#### [Task prompt]
Would you repeat exactly the part of the listing below that runs from the line containing "50pcs--Just for You" down to the line containing "Vintage Mosser Glass", inclusive, and nothing else?

#### [Information supplied]
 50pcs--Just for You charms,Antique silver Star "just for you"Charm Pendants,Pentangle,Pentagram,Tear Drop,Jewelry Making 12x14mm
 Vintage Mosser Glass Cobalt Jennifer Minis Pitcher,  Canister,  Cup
==
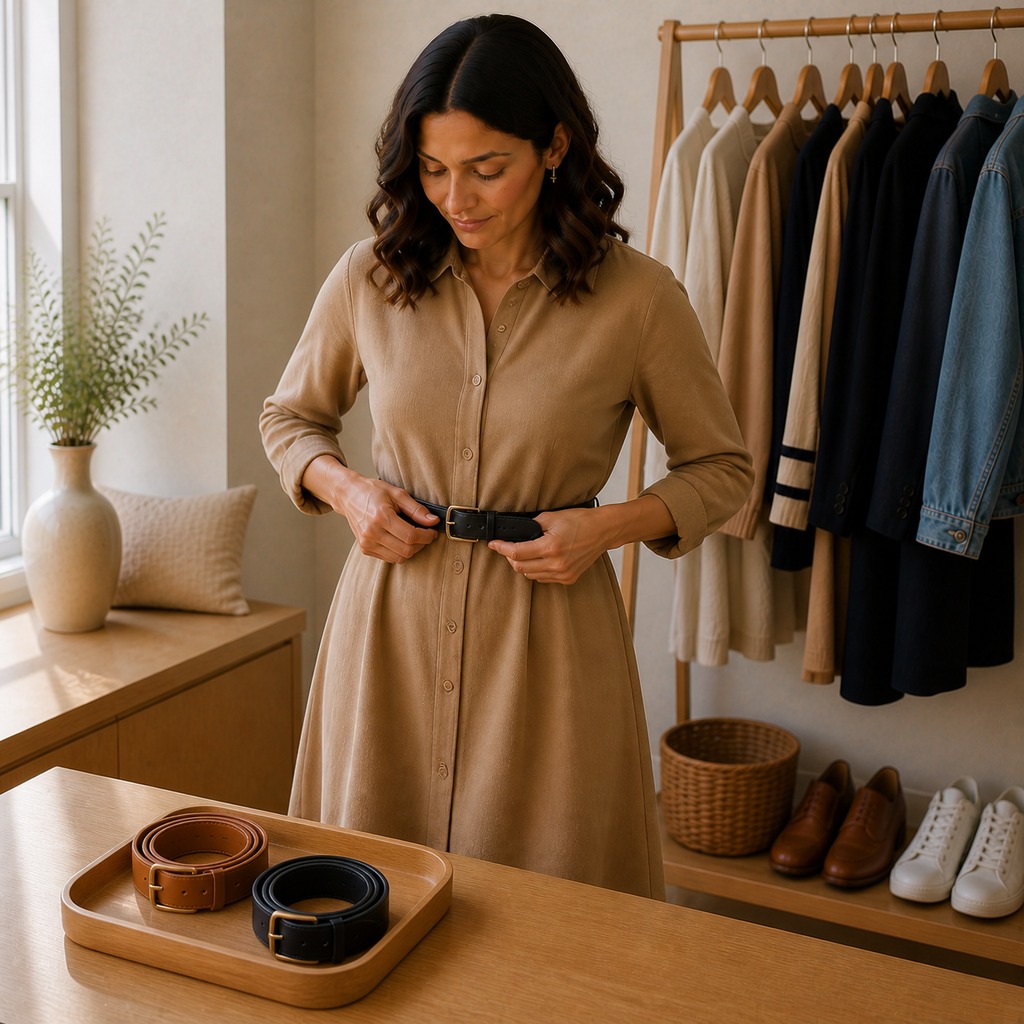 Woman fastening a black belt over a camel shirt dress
---
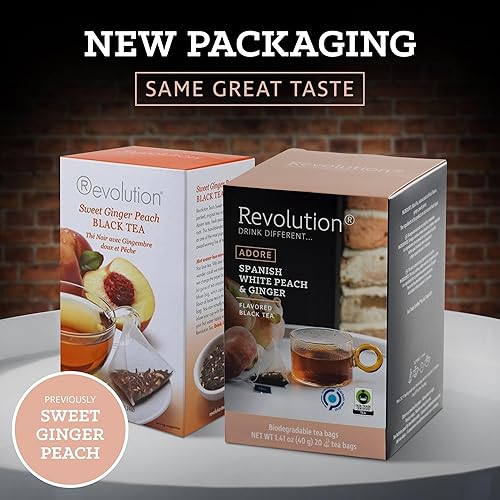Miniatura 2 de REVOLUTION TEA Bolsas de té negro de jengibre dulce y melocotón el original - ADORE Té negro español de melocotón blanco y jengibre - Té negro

#### [Response to this task]
 50pcs--Just for You charms,Antique silver Star "just for you"Charm Pendants,Pentangle,Pentagram,Tear Drop,Jewelry Making 12x14mm
 Vintage Mosser Glass Cobalt Jennifer Minis Pitcher,  Canister,  Cup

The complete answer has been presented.